■ Task requirements:
Nothing but the text of the listing, repeated exactly, belongs in the answer; leave the images out.

■ Collected data:
● ● ● ● ●
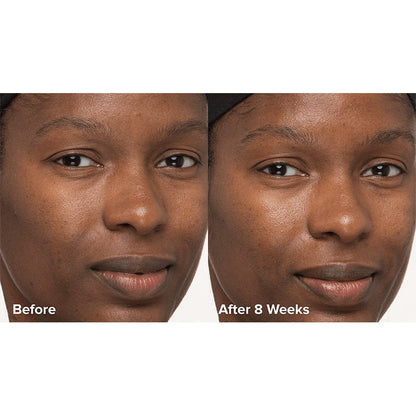 Skin Perfecting 6% Mandelic Acid + 2% Lactic Acid Liquid Exfoliant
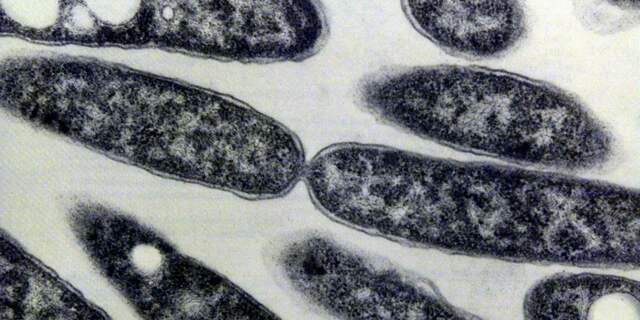 Legionella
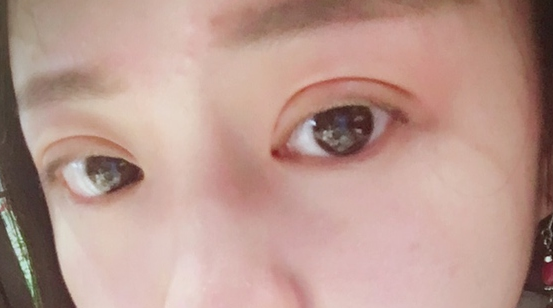 埋線雙眼皮可以保持幾年？埋線雙眼皮的危害有哪些？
● ● ● ● ●
■ Finished task:
 Skin Perfecting 6% Mandelic Acid + 2% Lactic Acid Liquid Exfoliant
 Legionella
 埋線雙眼皮可以保持幾年？埋線雙眼皮的危害有哪些？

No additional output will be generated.